Before you read: This was written in an epiphanic moment, while my bladder was full, waiting to take the urine test at a clinical lab. It was first shared as an instagram post in my personal profile. Now, here we go. There are errors and mistakes. I didn’t bother to edit as I wanted this to be imperfect, in its raw, unscripted form. Please play the song at the end of the post for the complete audio-visual experience this writing tries to aim at.
This is a long-ass post. I am not usually a person who writes in social media. But I used to be.
Now, I fear judgements from people. I feel their eyes peering onto me. But i can finally say fuck you to that tiny little negativeoli voice in my head and all those who strive to make it believable.

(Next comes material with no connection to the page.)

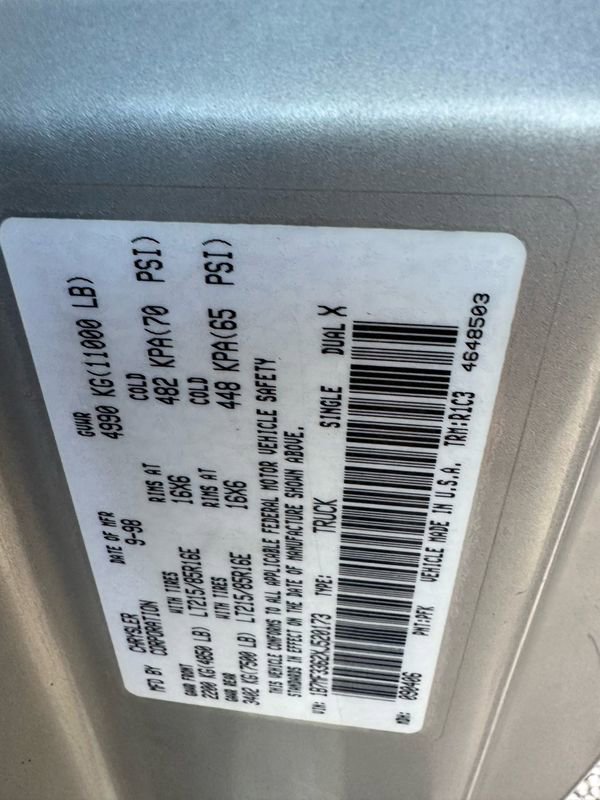 Used 1999 Dodge Ram 3500 Truck SLT image 43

This past year was the most I have suffered in my journey of unstable emotional saga. I have been invalidated by friends and family alike “You are just overthinking, take a chill pill” to “Do you know the state of kids in <insert random African country> ? They are struggling to survive. You are privileged enough to eat and sleep under a roof. Your problems doesn’t come anywhere closer to theirs.” These exasperating invalidations confused me, guilt tripped me, I felt gaslighted as my reality was being questioned. I felt guilty of feeling depressed and anxious. I tried every method to shut the voice in my mind. From watching series marathon to early sprints in the morning. But it would always come back like a stubborn infection. There were times when I would try to read a sentence and won’t be able to understand. I would cry as I tried for hours to decipher but my anxiety blurred my cognition. I wouldn’t be able to listen to conversations, I will lose track of thoughts and wouldn’t understand anything. I wouldn’t have anything to say as I am stuck on one utterance. I feel I am a moron. I just couldn’t understand I had a challenging mental health. Even when I know there are people who love me, it felt hard to trust that love. I doubted everything. I felt like a burden that exhausted everyone’s energy. I constantly blamed myself for my shortcomings, for my slow thinking, for my sudden emotions. For crying. I just couldn’t see happiness in little or big things. I felt guilty of falling sick, my physical health tried to mimic my broken self. I had psychosomatic symptoms. I spent half of my time in hospitals, clinics consulting doctors, doing tests. It took me so many fucking years to realise I have anxiety and depression! It took me many a years to seek help, to go for therapy, to take medication.
But then there have been friends and family who stood by me through my darkest phase. They comforted me, told me they understand what I am going through. That it shall pass. Be it good or bad, everything passes. This year was extraordinary. I can only remember being at peace for roughly 10 weeks. The rest of the days I was drowning in my pool. It was a shitty year but also a year where I achieved big and little things. I got financially independent, I sought help, I witnessed beautiful weddings and companionship. I have begun to empathise my emotions, my pain and suffering. I made new friends. I fell in love, again!
Depression and Anxiety is a chronic illness. Treat it like any other physical ailment. “You cannot invent your own symptoms.” Trust what you feel, don’t let the stigma doubt your reality.